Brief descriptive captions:
━━━

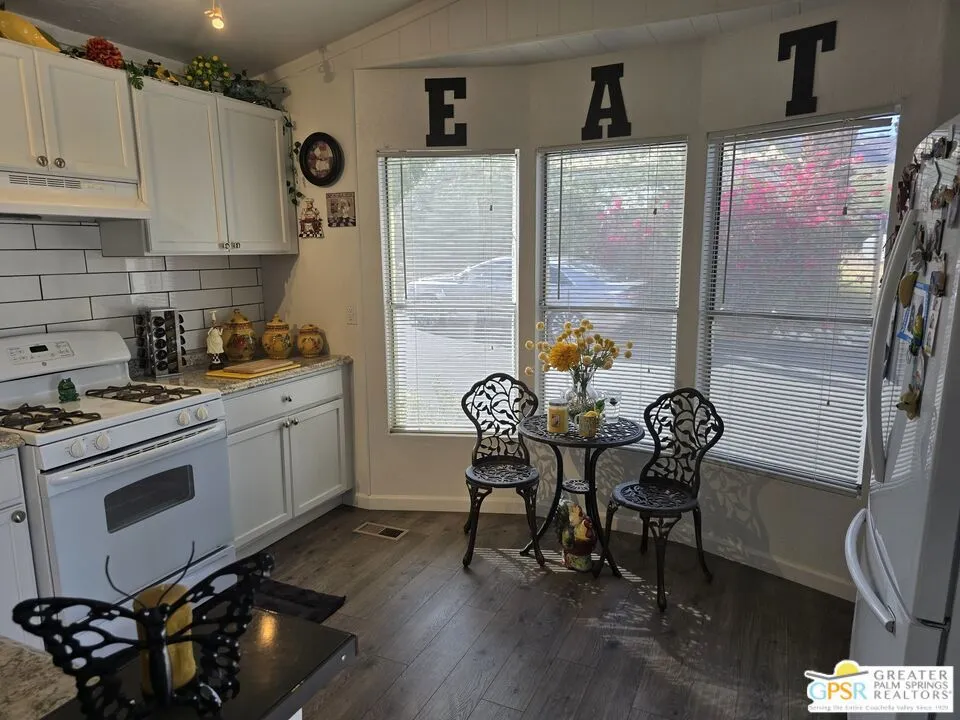 Palm Desert, California 92260, United States, 2 Bedrooms Bedrooms, ,1 BathroomBathrooms,Residential,Pending,142460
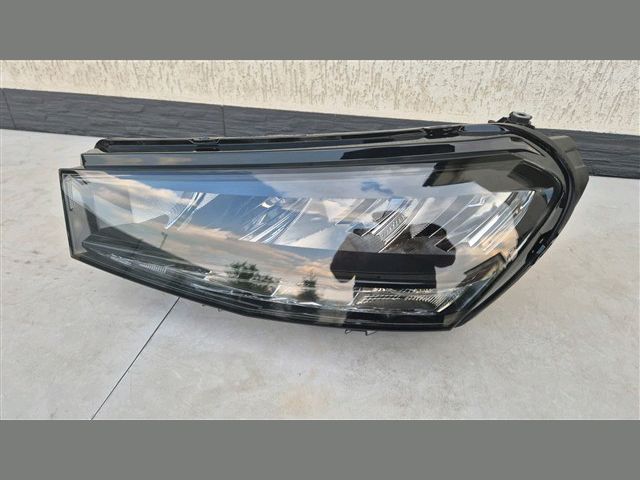 bontott SKODA FABIA IV Bal Fényszóró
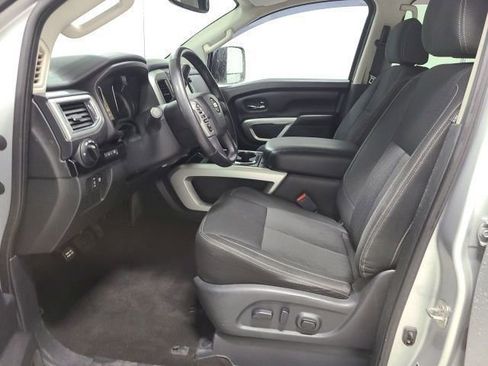 Used 2018 Nissan Titan SV w/ SV Convenience Package AWD/4WD image 20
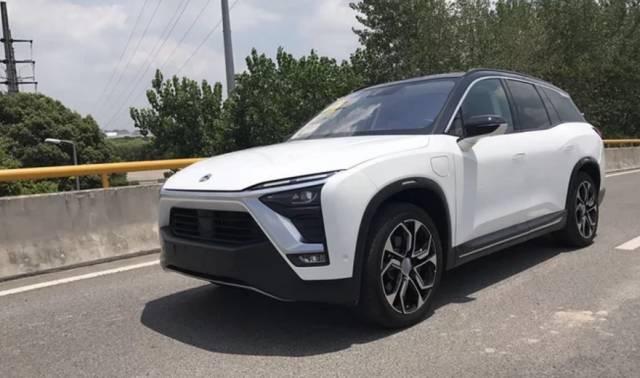 说实话,在它面前我可能不会选保时捷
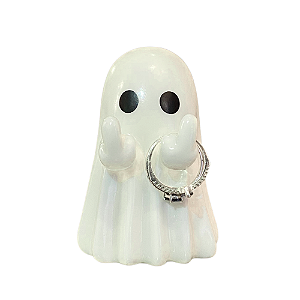 Fantasma Segura Anel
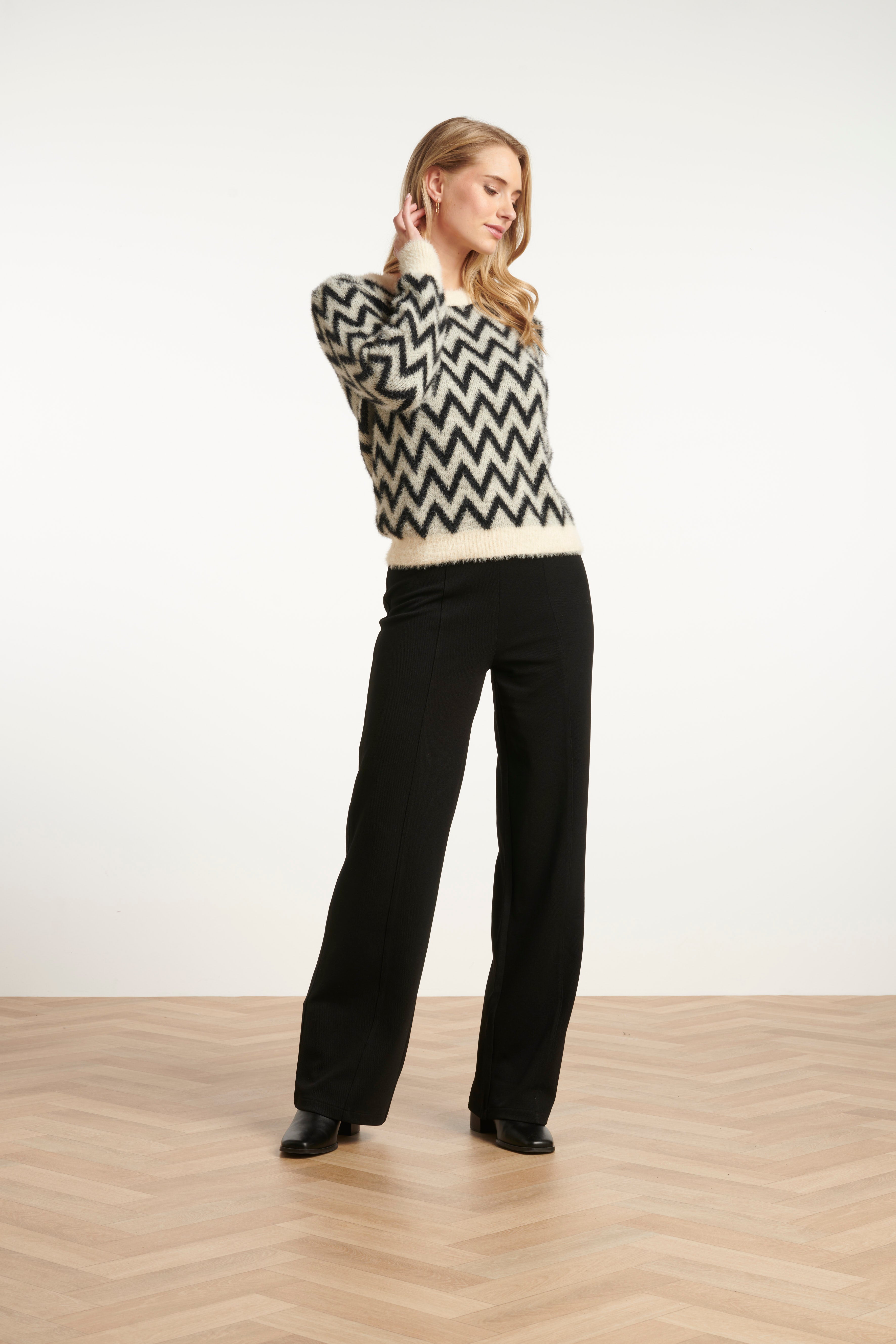 25717 Zwart, Grijs En Offwhite Gebreide Top Met Zigzagprint | Black - Off White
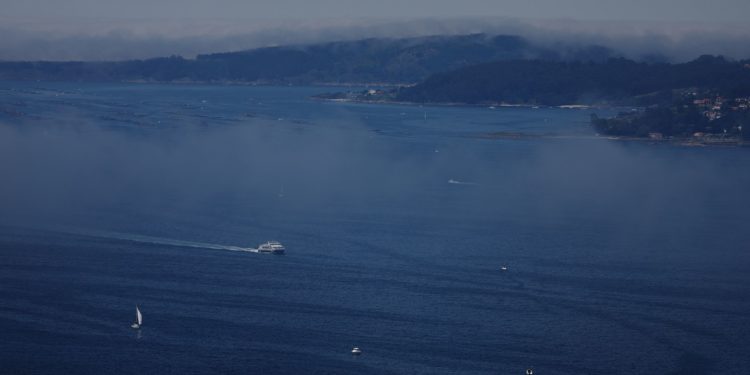 La niebla enfría (temporalmente) las Rías Baixas: la ola de calor en Vigo se mantiene hasta el viernes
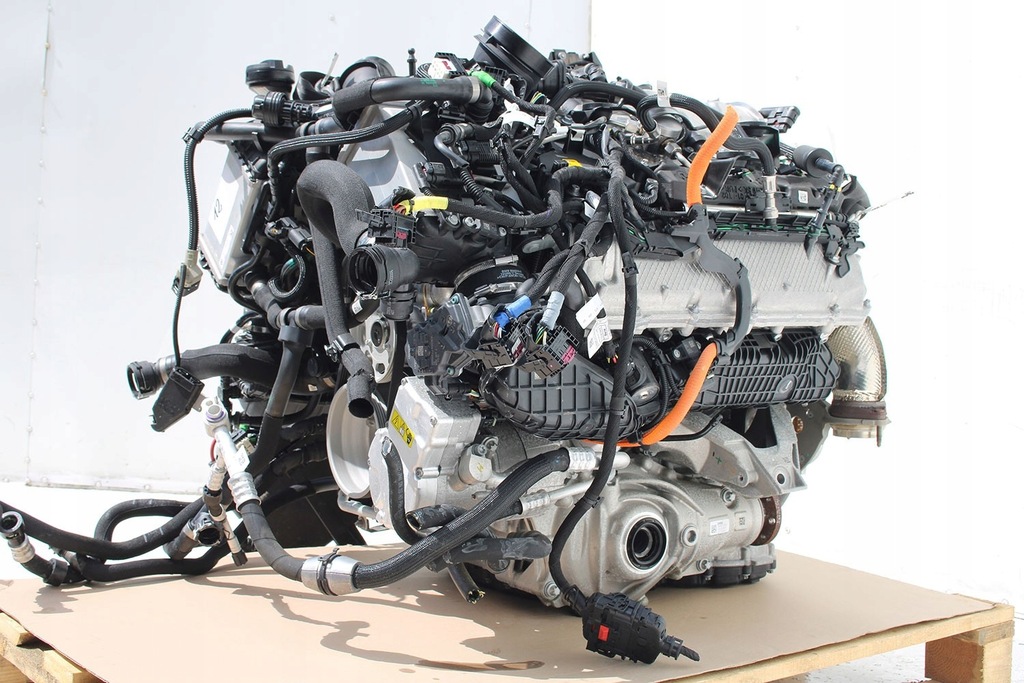 фото №10, Bmw 7 x5 x6 x7 двигатель 4.4 s68_b44 g70 f95 f96 g07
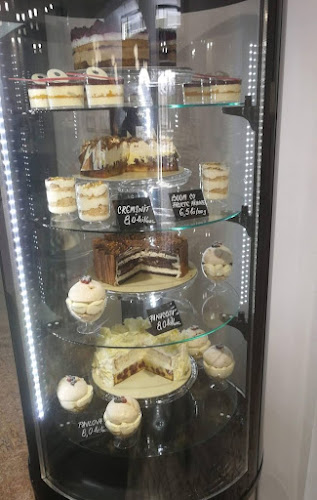 Comentarii opinii despre Cofetăria Prisi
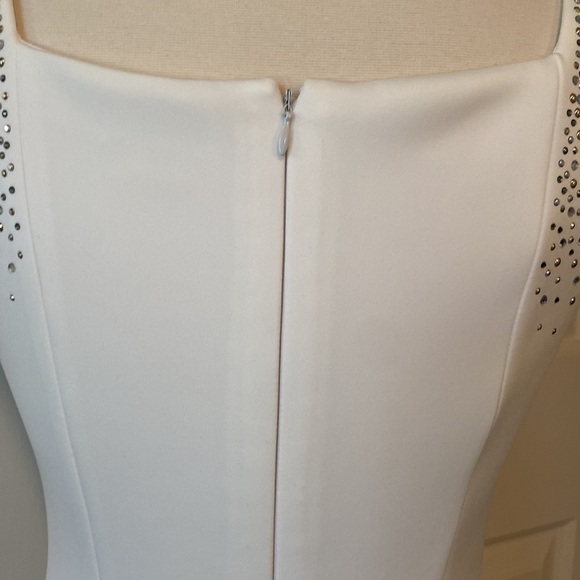 Calvin Klein White Cocktail Dress w/ Silver & Gold Studding on Shoulders, Size 6 - Picture 7 of 9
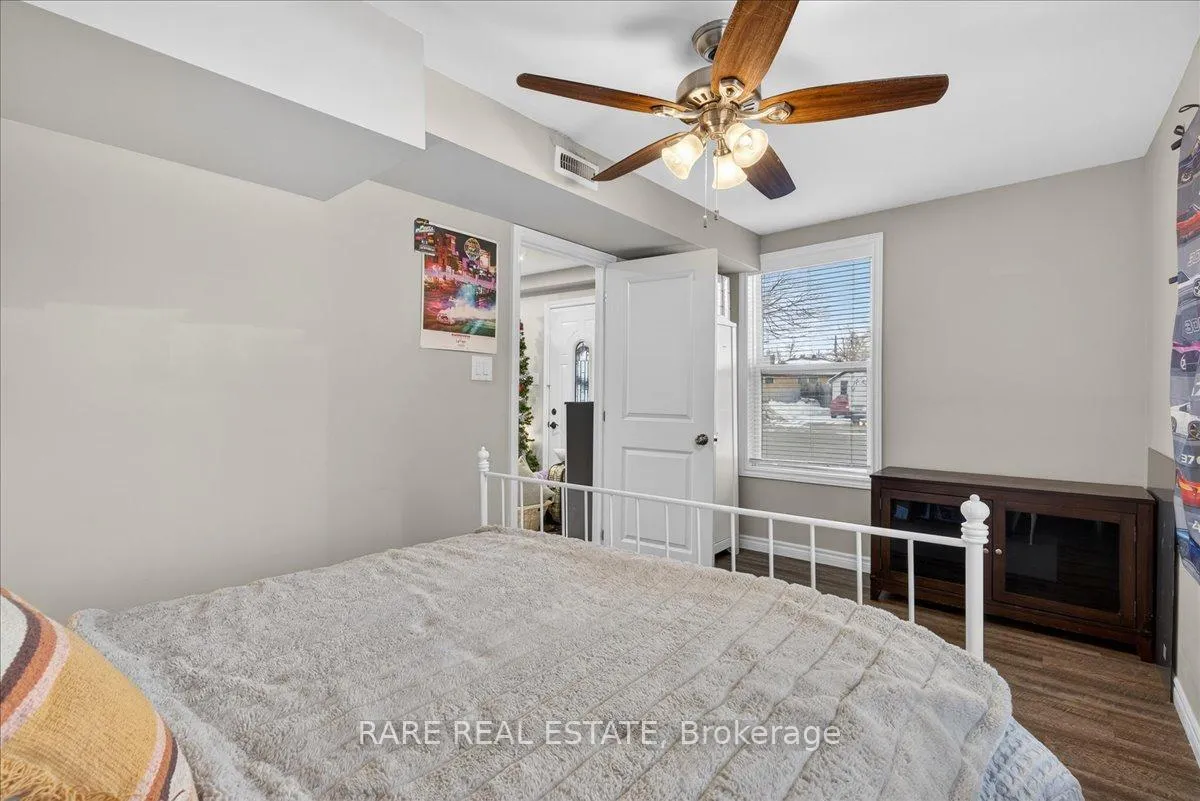 Photo 18 of 119 Essa Road, Barrie, Allandale — HOMEH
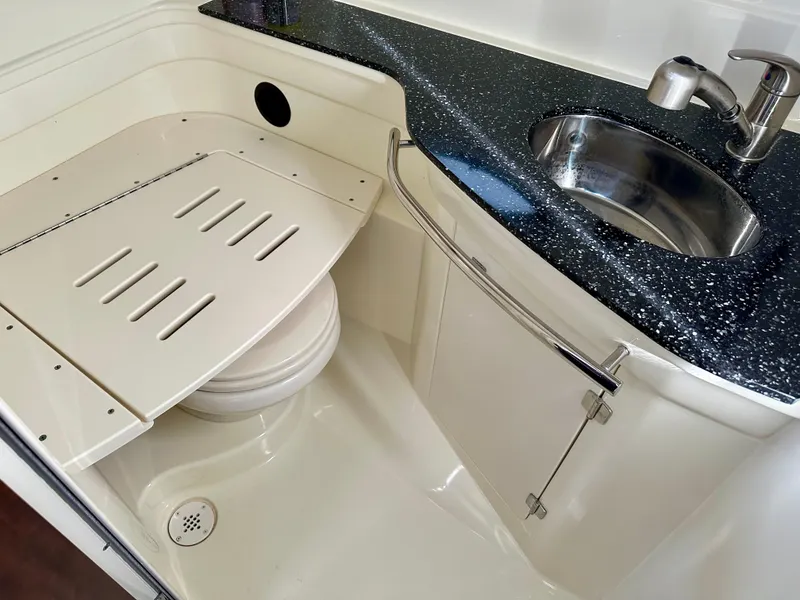 Slide: The Image of Monterey 335 Sport Yacht 2015 - 32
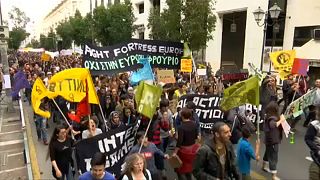 A rasszizmus ellen tüntettek menedékkérők Athénban a hajótragédia után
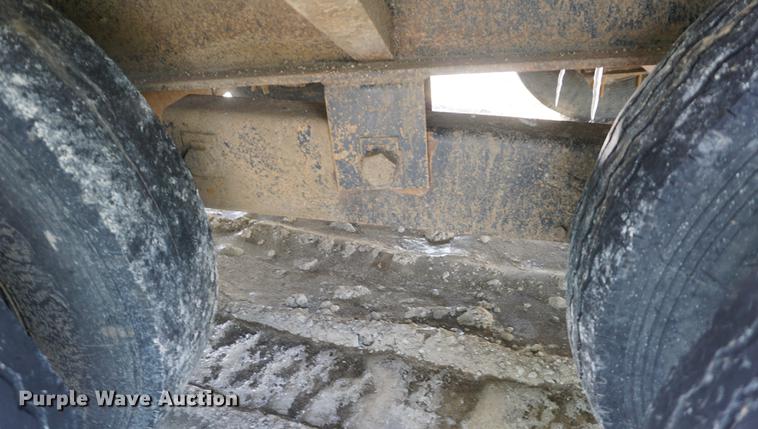 image for item DF7646 2002 Neal equipment trailer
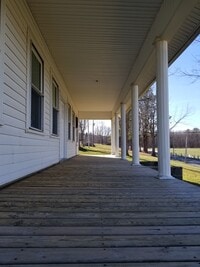 Building Photo - 6 Cloverleaf Ln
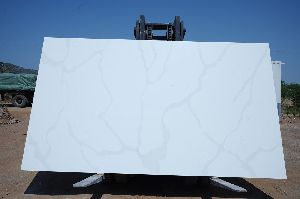 Statuario Quartz Slab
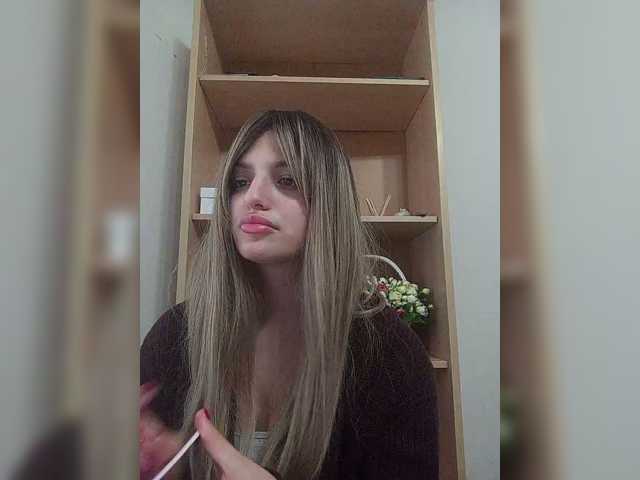 Sonyagasay live cam on BongaCams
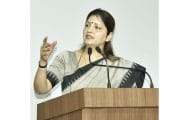 महिलांनो…अनिष्ट रूढी,प्रथा,परंपरेतून बाहेर पडा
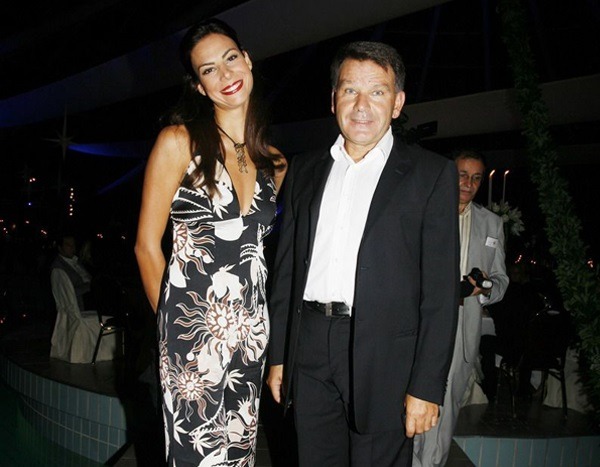 Επιστολή – βόμβα Κούγια για τις δηλώσεις της Βατίδου περί modeling! “Το μέλλον των παιδιών μου είναι το δικηγορικό μου γραφείο” – TLIFE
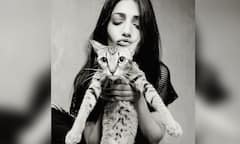 Tollywood Actress Pets Photos: వాటి ప్రేమలో మునిగిపోయిన మన హీరోయిన్లు!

━━━

Every line from the top of the records above to the line with "Photo 18 of", inclusive, should be duplicated exactly, minus the pictures.

 Palm Desert, California 92260, United States, 2 Bedrooms Bedrooms, ,1 BathroomBathrooms,Residential,Pending,142460
 bontott SKODA FABIA IV Bal Fényszóró
 Used 2018 Nissan Titan SV w/ SV Convenience Package AWD/4WD image 20
 说实话,在它面前我可能不会选保时捷
 Fantasma Segura Anel
 25717 Zwart, Grijs En Offwhite Gebreide Top Met Zigzagprint | Black - Off White
 La niebla enfría (temporalmente) las Rías Baixas: la ola de calor en Vigo se mantiene hasta el viernes
 фото №10, Bmw 7 x5 x6 x7 двигатель 4.4 s68_b44 g70 f95 f96 g07
 Comentarii opinii despre Cofetăria Prisi
 Calvin Klein White Cocktail Dress w/ Silver & Gold Studding on Shoulders, Size 6 - Picture 7 of 9
 Photo 18 of 119 Essa Road, Barrie, Allandale — HOMEH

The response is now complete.